A rigidez institucional, nomeadamente no que toca à separação entre Unidades Orgânicas. É crucial que se partilhem recursos e se esbatam barreiras entre as várias Faculdades, gerando melhores resultados pedagógicos, na investigação, e na dinamização da comunidade que serve de casa à Universidade, a cidade do Porto.

– Uma ideia para melhorar a Universidade do Porto?

Reduzir barreiras à multidisciplinaridade, já que é nas áreas de interface que está à espreita muito do progresso. É importante permitir que os estudantes diversifiquem os seus currículos e aproveitem a oferta formativa de toda a universidade para criarem perfis diferenciados e capazes de fazer a diferença num mundo extremamente competitivo – e não basta que isso seja uma possibilidade no regulamento, é preciso que haja condições para o fazer. A ideia de Abel Salazar, sobre o conhecimento de uma única área em isolamento não ser suficiente, ainda não está presente nos currículos da Universidade.

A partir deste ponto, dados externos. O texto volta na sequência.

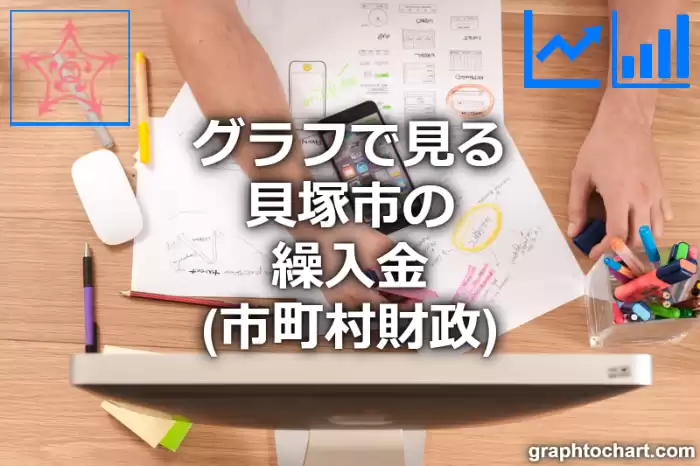 グラフで見る貝塚市の繰入金は高い？低い？(推移グラフと比較)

– Como prefere passar os tempos livres?

O tempo livre não é muito, e isso tem-me ensinado também a importância de desacelerar periodicamente o ritmo, um aspeto muitas vezes negligenciado (contra mim falo). Guardo esses momentos para estar com os amigos e família, ou para me afastar um pouco da azáfama do mundo, acompanhado por um livro ou pela guitarra.

– Um livro preferido?

“À Espera no Centeio”, de J. D. Salinger. Em português, talvez a “Aparição”, do Vergílio Ferreira, tenha sido o que mais me marcou ultimamente.

– Um disco/músico preferido?

Neste momento tenho ouvido muito Tom Misch, Jorja Smith e – uma referência da minha terra Natal – o grande David Bruno. Mas é algo que tende a variar muito.

– Um prato preferido?

Impossível escolher um. Fica mais fácil nos doces, basta ter creme de ovos.

– Um filme preferido?

Prefiro nomear um filme que me parece muito pertinente nos dias de hoje: “Dr. Strangelove or: How I Learned to Stop Worrying and Love the Bomb”, o Kubrick.

– Uma viagem de sonho?

Sou fanático por viagens de comboio, por isso teria de escolher, ou o Transiberiano, ou o Belmond Andean Explorer.

– Um objetivo de vida?

Contribuir para que a saúde seja um bem universal, disponível a todos. Olhando para o mundo vemos que as desigualdades em saúde são gritantes, e que temos realidades danosas causadas por fenómenos opostos: uns sem acesso a medicamentos, outros a sofrer com a polimedicação; uns a sofrer de desnutrição, outros obesos. Quero trabalhar para permitir a mais pessoas no mundo uma vida com maior qualidade, com acesso a cuidados de saúde, e com a possibilidade de manter um estilo de vida que promova a saúde, coisa que hoje não acontece.

– Uma inspiração? (pessoa, livro, situação…)

Um nome algo esquecido, mas que me parece essencial nos dias de hoje: Dag Hammarskjöld. Talvez o melhor secretário-geral das Nações Unidas, um estadista que sempre lutou para que os conflitos se resolvessem através do consenso e que usou a política para construir um mundo melhor, pisadas que procuro seguir.